Yeah, I usually break the sets in half and launch half at a time, and let people wait a few days for the second set. Usually, if I shoot a model for four hours, that'll give me four or five sets as long as I change outfits and props and settings. I pay models $150 an hour, unless they're two girls, and then I pay them each $200 an hour. That's more than most sites, but I want my models to feel good about being a part of my website. I want them to feel they're being compensated fairly for showing their ass on the Internet. Most of my shoots are two to three hours. And as long as the girl stays an active part of the site, I'll keep doing sets with her. If she never comes in and posts messages or goes to the chatroom, I'm not very motivated to take more photos of her. Most of the girls are out there promoting the site, and people really like chatting with the models, and that's one of the real draws to the site. Most of the girls have bios and link to their email and websites and their journals. Some of the models, I don't know if they don't have jobs or something, because they're in there all the time... Some websites pay their models to go into the chatrooms, but these girls are in there on their own, enjoying the interaction and attention.

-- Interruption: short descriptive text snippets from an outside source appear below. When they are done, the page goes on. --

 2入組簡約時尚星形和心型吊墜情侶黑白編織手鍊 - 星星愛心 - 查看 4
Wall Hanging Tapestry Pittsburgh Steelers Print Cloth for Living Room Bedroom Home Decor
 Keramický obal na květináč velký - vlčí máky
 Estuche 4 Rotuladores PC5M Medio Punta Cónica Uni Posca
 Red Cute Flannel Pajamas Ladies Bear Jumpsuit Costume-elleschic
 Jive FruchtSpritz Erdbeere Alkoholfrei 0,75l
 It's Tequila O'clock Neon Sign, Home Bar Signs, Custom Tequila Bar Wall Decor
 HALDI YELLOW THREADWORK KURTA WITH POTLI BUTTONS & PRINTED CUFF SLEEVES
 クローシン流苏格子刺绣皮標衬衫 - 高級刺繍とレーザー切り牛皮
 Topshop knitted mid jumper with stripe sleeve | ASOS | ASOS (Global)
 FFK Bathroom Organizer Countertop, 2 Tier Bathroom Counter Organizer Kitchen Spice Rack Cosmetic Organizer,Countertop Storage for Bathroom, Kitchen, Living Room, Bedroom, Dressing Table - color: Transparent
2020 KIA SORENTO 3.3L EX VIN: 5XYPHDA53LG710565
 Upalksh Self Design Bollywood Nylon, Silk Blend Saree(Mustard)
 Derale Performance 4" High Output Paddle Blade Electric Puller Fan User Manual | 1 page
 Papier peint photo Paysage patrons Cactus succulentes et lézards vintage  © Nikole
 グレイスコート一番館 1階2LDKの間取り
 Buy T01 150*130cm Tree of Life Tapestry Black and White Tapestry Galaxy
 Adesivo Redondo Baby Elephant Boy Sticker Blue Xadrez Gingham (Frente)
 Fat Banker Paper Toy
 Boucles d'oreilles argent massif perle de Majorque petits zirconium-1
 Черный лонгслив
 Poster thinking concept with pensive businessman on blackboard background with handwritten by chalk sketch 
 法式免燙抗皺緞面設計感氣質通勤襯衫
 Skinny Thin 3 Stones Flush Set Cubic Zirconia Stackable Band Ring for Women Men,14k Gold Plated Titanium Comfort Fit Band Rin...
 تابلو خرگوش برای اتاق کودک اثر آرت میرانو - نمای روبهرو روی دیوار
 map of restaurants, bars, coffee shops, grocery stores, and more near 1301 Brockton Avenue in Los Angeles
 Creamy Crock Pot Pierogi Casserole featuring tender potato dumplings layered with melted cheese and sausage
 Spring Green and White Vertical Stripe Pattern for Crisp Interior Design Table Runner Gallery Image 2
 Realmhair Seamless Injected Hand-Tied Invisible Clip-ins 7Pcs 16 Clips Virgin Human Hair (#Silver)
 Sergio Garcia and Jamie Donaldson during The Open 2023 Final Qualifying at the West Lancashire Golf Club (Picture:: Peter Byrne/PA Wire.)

I look at it this way: Not everyone can be in a band, not everyone can get on stage and express themselves and show off. Not everyone can tour the country and meet people from all over and make friends. This is a perfectly valid way to show that you take care of your body, a way to dress up, strip down, and act out pin-up fantasies in a safe environment. It's a way to feel larger than your crappy day job and feel sexy and special. And with the chatrooms and message boards, it's a way to connect with other people who are into the same things you are.
I always ask the models why they want to be a part of RaverPorn, and so many of them have always wanted to model, but professional modeling is this whole, big, competitive thing, and they see RaverPorn as a place where they can do it for the fun of doing it. They can model, they get paid, and they're involved with a site that's for people just like them.

Underground culture, whether it be raver or Goth or punk -- or even if it's not music-based -- it all has a very do-it-yourself ethic and attitude, and doing an erotic website is just an extension of that. A punk rocker wouldn't go out and buy an 'N Sync CD because that's all there is, so we shouldn't have to look at fake, plastic models on generic porn sites because that's all that's available.